Food allergies can make make eating out or going to parties difficult, and they can be an isolating experience for the person who has them. Dealing with food allergies entails not only avoiding the food in question, but also any sauces that may contain the item or any surfaces that the item might have touched. Grilling shellfish like shrimp or lobster is fairly common, so if you have a shellfish allergy, you need to check the environment thoroughly and control what people bring into your home. If going out, enlist the help of the party host or restaurant chef to avoid a reaction.
Home Grilling
Step 1
Use your own grill -- don't borrow a neighbor's grill because you don't know what they normally cook on it. Even if they clean it regularly, you don't know if they've gotten all the shellfish or sauce debris off the grill.
Step 2
Talk to the host, if going to someone else's house, about what they plan to have, what they have used on the grill in the past and what guests are bringing. You might have to bring a precooked dish for yourself.
Step 3
Inspect any items such as sauces that others bring to your home when inviting people over for a meal, or don't allow others to bring their own foods and sauces, except for extenuating circumstances like another food allergy. Even the most well-meaning, understanding friend can accidentally overlook an ingredient to which you're allergic, thus unknowingly contaminating your grill.
Restaurants
Step 1
Call restaurants ahead of time and ask about their grilling policy and if they have a separate grill for fish and shellfish.
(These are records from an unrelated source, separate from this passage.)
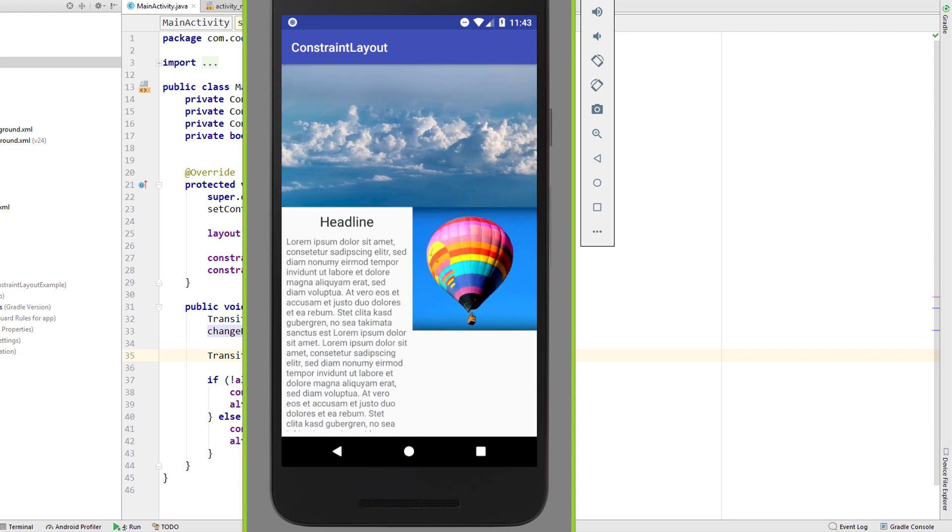Okay, if this video was helpful please leave a like. And don't forget to subscribe for upcoming parts of the constraint layout tutorial.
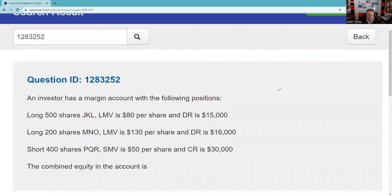Greetings and salutations, Series 7 test takers. This is the Series 7 Guru coming to you from my studio in fabulous Las Vegas. Shout out to those test-taking weekend warriors. This is a margin question — don't overdose on margin. This is a mixed margin question; you know, three or four questions on margin max.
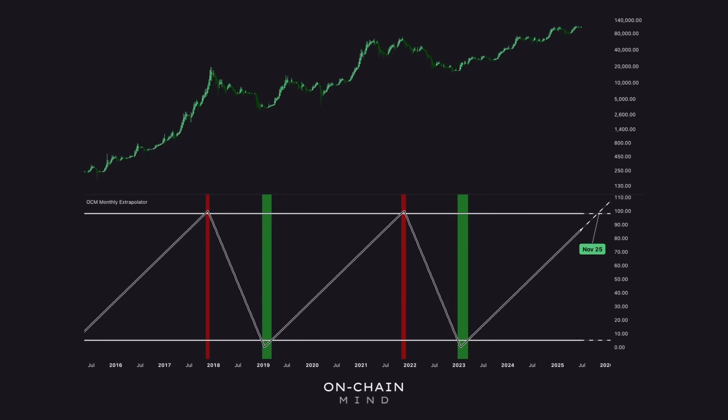Sure, this cycle has been different, but so has every cycle before it. Each one has been driven by unique catalysts and set against a completely different macro backdrop. We'll only truly know how this cycle compares once it's behind us. For now, all we can do is build our models based on historical patterns and try to understand how they might play out going forward.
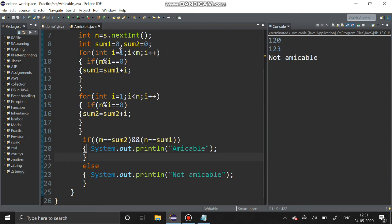This section is for summing the divisors of m, and this is for summing the divisors of n, and this is checking the condition. Thank you guys, thanks for watching. If you have any queries, post me in the comments.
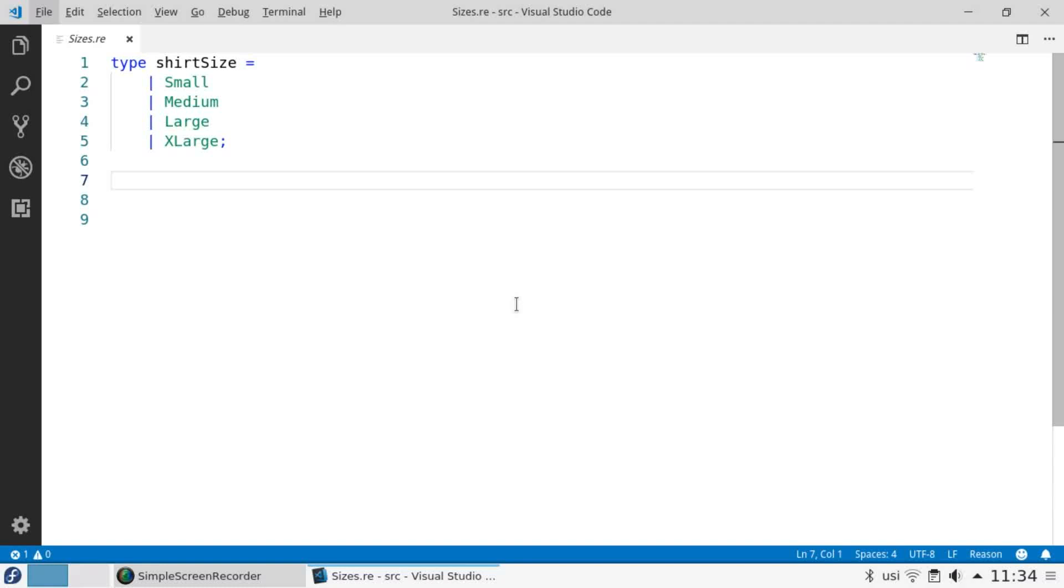Here's a type that defines shirt sizes by specifying a type, the name of the type, and the possible values it can have.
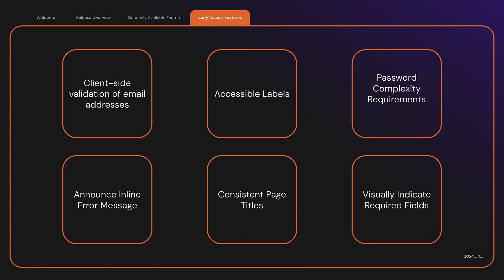Password complexity requirements. These will now be properly announced by screen readers. Announce inline error message. We added the proper ARIA attributes to the inline error messages so that they can be understood and properly announced by screen readers.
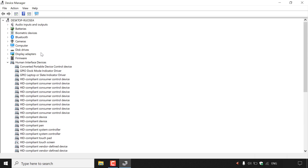Now it varies from device to device, as you may have different drivers installed on your computer. So for today's video, I'm just going to randomly pick a device and update the device driver for that device if an update is available. I'm going to pick display adapters and left-click on this arrow here.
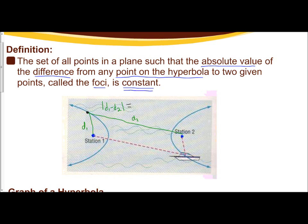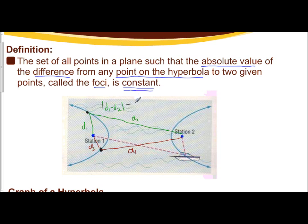What constant means is if you were to pick another random point on the hyperbola, and find the distance from this focus to that point — we'll call that D3 — and from that point to the other focus, D4, the absolute value of their difference is going to be the same as the absolute value of the difference of D1 and D2. So any point on the graph, the difference of the distances to the foci is constant.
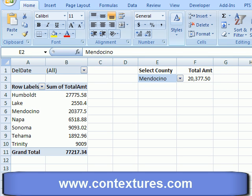After you create a pivot table, you might need to protect the worksheet that it's on to keep people from either changing the pivot table or to protect other information that's on the worksheet.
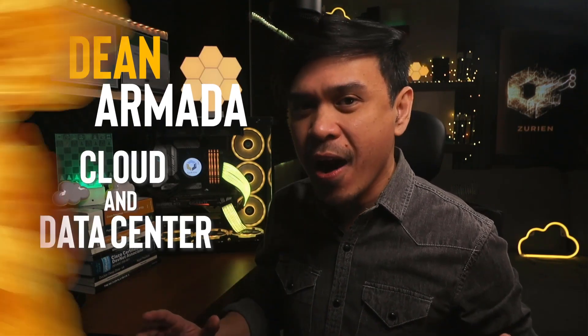For those who are new to this channel, welcome! I am your host, my name is Dean Armada, and I'm the Cloud and Data Center Rocky Tark!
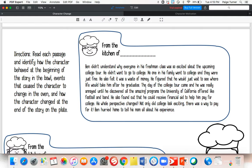Let's start with this first text. Ben didn't understand why everyone in his freshman class was so excited about the upcoming college tour. He didn't want to go to college. No one in his family went to college and they were just fine. He also felt it was a waste of money — he figured he would just wait to see where life would take him after he graduates. The day of the college tour came and he was really annoyed until he discovered all the amazing programs the University of California offered, like football and band. He also found out that he could receive financial aid to help pay for college. His whole perspective changed — not only did college look exciting, there was a way to pay for it. Ben hurried home to tell his mom all about his experience.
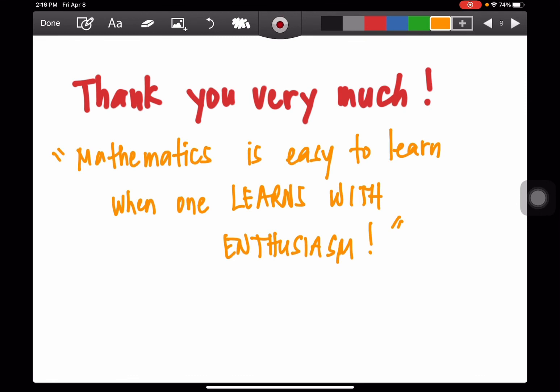Thank you very much. This is Dr. Batukan saying: Mathematics is easy to learn when one learns with enthusiasm. This video discussion is getting harder for some students, but as long as you follow the rules, you will be successful in answering problems related to this. Thank you very much, and bye!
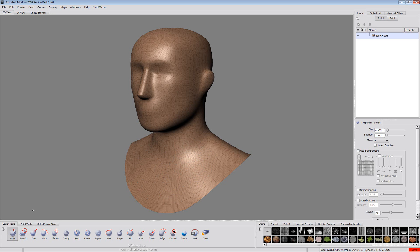We'll start by looking at the sculpt tools. The sculpt tools provide us a number of different ways of working with the geometry, for pushing and pulling the geometry and creating the type of detail that we need from it.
If possible, go to restaurants that don't grill shellfish or use sauces that might have shellfish in them.
Step 2
Ask them about the sauces they use to marinate nonshellfish dishes. If they use clam juice as part of a marinade, for example, it doesn't matter if the meat on the grill isn't shellfish.
Step 3
Sit far enough away from communal and other grills so there's no risk of oil or sauces that have touched shellfish splattering onto your dish. You might decide after speaking with the restaurant to avoid ordering shellfish yourself, but if your tablemates want that hibachi-grilled shrimp, you have to take precautions against any of it accidentally getting into your food, or any of the smoke wafting your way.